Data for this exercise:
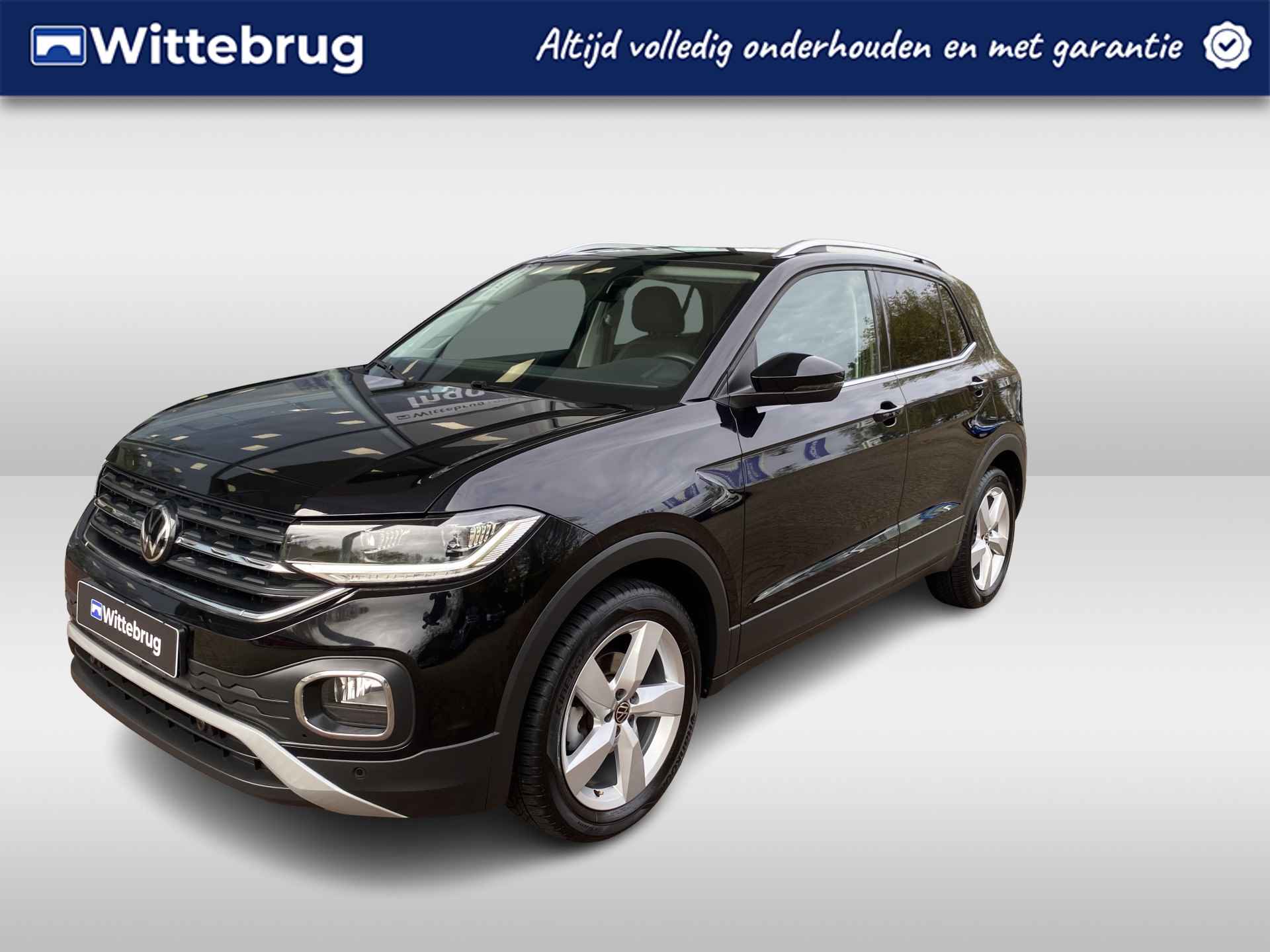 Volkswagen T-Cross BOVAG 40-Puntencheck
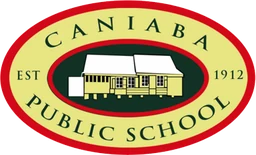 Caniaba Public School logo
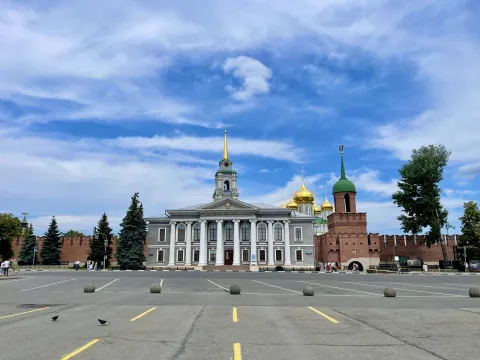 Афиша: Автобусная обзорная экскурсия по Туле в Туле 7 августа 2026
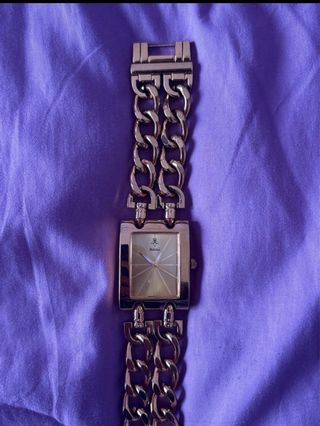 Reloj Relojeria Dorado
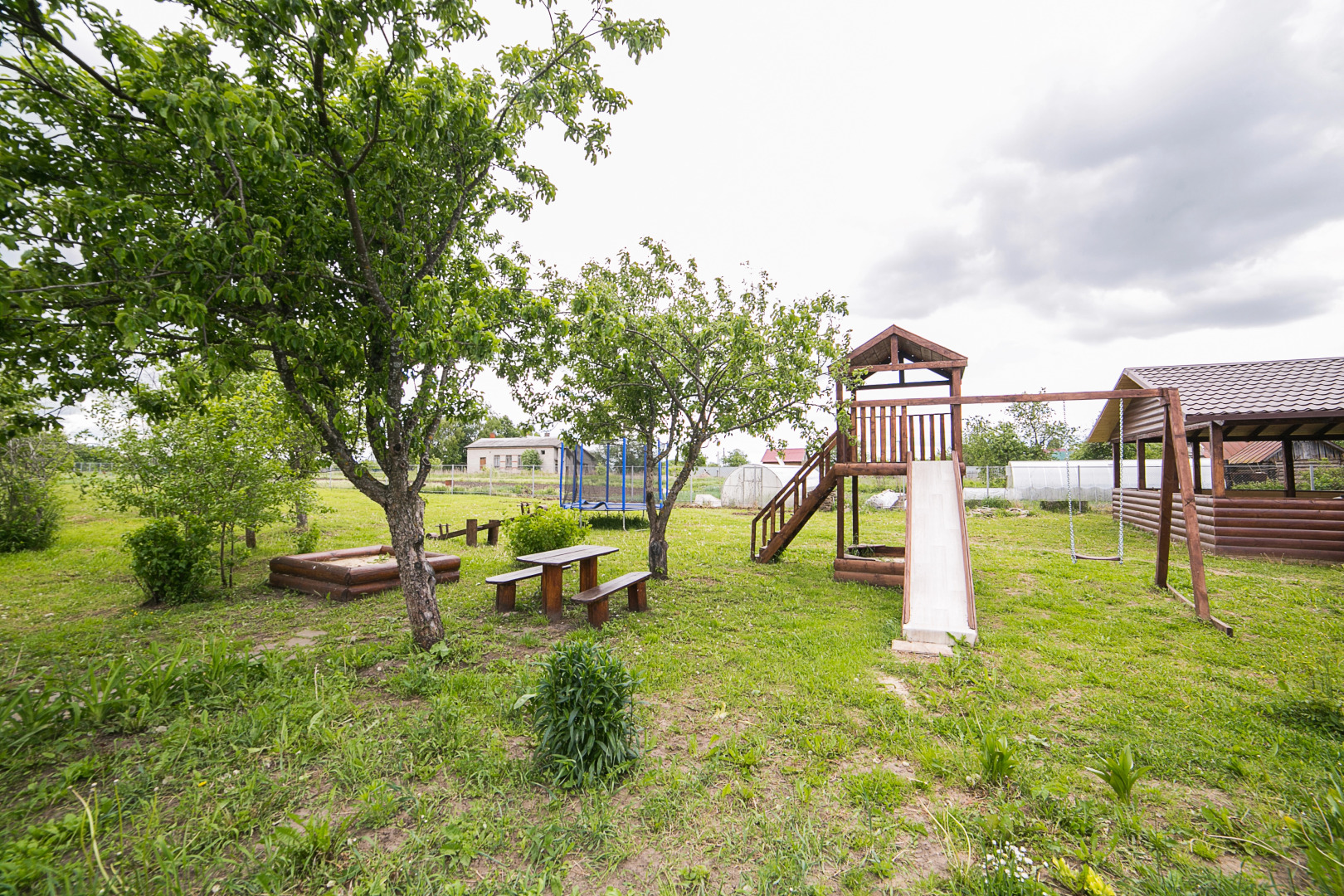 Гостевой Дом Красная Усадьба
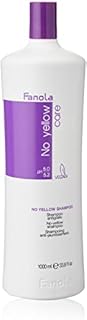 Fanola Official No Yellow Shampoo 1000ml
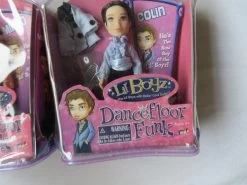 Bratz Boyz – Lil’ Bratz – Dancefloor Funk Mikko & Colin – Small Dolls – MGA 2004 -Trendy Toy Store IMG 7460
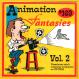 Animation Fantasies Volume 2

Work to complete: Begin with the line containing "Reloj Relojeria Dorado" and end with the last line of the material above; return exactly those lines, both ends included, and omit all pictures.

Exercise answer:
 Reloj Relojeria Dorado
 Гостевой Дом Красная Усадьба
 Fanola Official No Yellow Shampoo 1000ml
 Bratz Boyz – Lil’ Bratz – Dancefloor Funk Mikko & Colin – Small Dolls – MGA 2004 -Trendy Toy Store IMG 7460
 Animation Fantasies Volume 2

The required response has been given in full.